7) No artigo 14° n°2 da Portaria n°419-A/2009 de 17 de Abril, se excluem expressamente da penalização prevista no n°3 do artigo 13° os pedidos cíveis deduzidos em processo penal, dispondo que “Os pedidos deduzidos em processo penal não são contabilizados nem agravados para efeitos da penalização do n°3 do artigo 13° do RCP.”
8) Os recursos de natureza não penal que sobem juntamente com a acção penal, são exactamente os recursos interpostos do pedido cível. Está bem claro o pensamento do legislador que não teria de regulamentar sobre o pedido cível processado com a acção penal no que concerne ao processamento da taxa de justiça, se em algum momento fosse sua intenção que o tal pedido ficasse isento do pagamento prévio.
9) Do artigo 8o n°5 do RCP quando aí se prevêem os montantes de taxa de justiça a auto liquidar em processo penal e contra-ordenacional, e se estipula que “Nos restantes casos a taxa de justiça é paga a final, sendo fixada pelo juiz tendo em vista a complexidade da causa dentro dos limites fixados pela tabela ///”.
10) No caso do pedido cível o montante da taxa de justiça devida é fixado de acordo com a tabela I conforme decorre do disposto no artigo 6o n°1 do RCP.
11) A propósito diz Salvador da Costa que o n°5 do artigo 8o do RCP não abrange o pedido cível, ao escrever em anotação a este artigo “Estamos, assim perante um normativo residual susceptível de abranger uma pluralidade de actos processuais, simples, complexos ou de execução emparelhada, não previstos nos n°s 1 a 4 deste artigo, mas relativos à área do processo penal ou contra-ordenacional. Todavia, não abrange o pedido de indemnização cível deduzido em processo penal, cuja taxa de justiça devida é determinada nos termos da tabela I-A anexa a este regulamento”, in Regulamento das Custas Processuais, Anotado e Comentado, 2011, 3a edição, pág. 234.
12) A aplicação do direito foi realizada de forma exemplar e, por isso, o despacho “sub judice" não merece qualquer censura e/ou reparo, muito menos ser revogado.
Nestes termos, deve ser negado provimento ao recurso interposto pelo Instituto da Segurança Social, IP/Centro Distrital de Coimbra, e, em consequência, confirmar-se “in totum” o despacho “sub judice”.
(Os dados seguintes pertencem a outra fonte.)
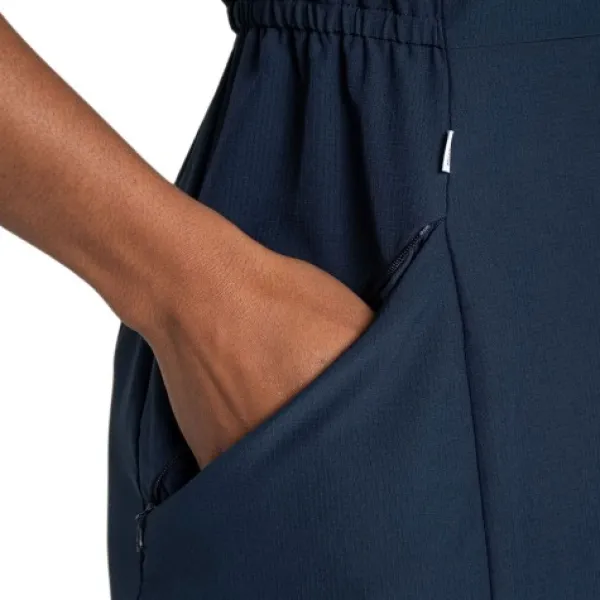 Craghoppers W's NosiLife Pro Dress IV Blue Navy| Hyönteissuojatut Vaatteet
5 . Admitido o recurso, fixado o respectivo regime de subida e efeito, foram os autos [de recurso em separado] remetidos a este Tribunal.

6. Na Relação, o Exmo Senhor Procurador – Geral Adjunto emitiu parecer, pronunciando-se no sentido de o recurso merecer provimento por entender que:
“… apesar da bem fundamentada resposta do Ministério Público e sendo defensável a posição que apresenta, já nos parece que o argumento final usado com base na nova lei das custas processuais, não permite retirar a conclusão a que chega.
Desde logo como bem refere no momento da decisão judicial posta em crise pelo presente recurso, tal regulamentação ainda não estava em vigor e por outro lado, o facto de o legislador ter acrescentado uma nova isenção para o pagamento da taxa de justiça prévia - a da al. d) do art.° 15° da Lei n.° 7/2012 de 13-2 - não é forçoso concluir-se que então na sua redacção anterior estaria a permitir a isenção prévia que vem questionada por parte do recorrente.
Era nesse sentido, isto é, no sentido de se considerar que não havia lugar à isenção do pagamento prévio da taxa de justiça, a jurisprudência maioritária, tal como vem citada na resposta do Ministério Público (Acs. de 6-4-2011 e de 18-5-2011, do Tribunal da Relação de Coimbra e de 19-9-2011 do Tribunal da Relação de Guimarães, todos in www.dgsi.ptl
Acontece que ainda recentemente este Tribunal da Relação foi de novo chamado a pronunciar-se sobre esta mesma questão, na qual era recorrente o Instituto da Segurança Social, tendo sido decidido que esta entidade, não estando isenta do pagamento de custas, estava, contudo, isenta do pagamento prévio de taxa de justiça pela apresentação do pedido cível, em processo penal. E assim, com data de 1-2-2012, em acórdão, relatado pela Exma. Desembargadora, Dr.a Alice Santos, consultado na página informática do Tribunal da Relação de Coimbra, foi considerado que:
"... Pesem embora os propósitos de uniformização do RCP o mesmo continuou a distinguir a fixação da taxa de justiça devida em geral [6.°], relativamente a outros processos ou fases processuais [7.° e 8.°], bem como aos actos avulsos [9.0].
No caso da taxa de justiça devida em processo penal enumerou taxativamente os casos de autoliquidação e prévio pagamento, os quais estão expressamente previstos no seu art. 8.°, reconduzindo os mesmos à constituição de assistente [8.°, n.° 1] à abertura de instrução [8.°, n.° 2] e mais nada.
Por sua vez, estipulou como regra geral que "Nos restantes casos, a taxa de justiça é paga a final, sendo fixada pelo juiz tendo em vista a complexidade da causa, dentro dos limites fixados pela tabela III" [8.°, n.° 5].
Por outro lado, o modo de pagamento dessa taxa de justiça encontra-se regulado pelo art. 13.° do RCP, sendo paga nos termos fixados pelo Código de Processo Civil [447.°, n.° 2 e 447.°-A do C. P. Civil], designadamente em função do respectivo impulso processual, estando a oportunidade desse pagamento, quando seja devida a taxa de justiça prévia, prevista no subsequente art. 14.°, n.° 1 e 2 do mesmo RCP.
Isto significa que, como de resto já sucedida anteriormente na vigência do CCJ, que não há lugar ao pagamento prévio de taxa de justiça "Nas acções cíveis declarativas e arresto processados conjuntamente com a acção penal" [29.°, n.°
3, al. f) CCJ], atenta a autonomia do processo penal em relação ao processo civil [Ac. R. P. de 20ll/Abr./04,emwww.dasi.pt].
Manteve-se, deste modo, a jurisprudência maioritária e ao que conhecemos uniforme neste Tribunal da Relação, no sentido que vem alegado pelo recorrente.”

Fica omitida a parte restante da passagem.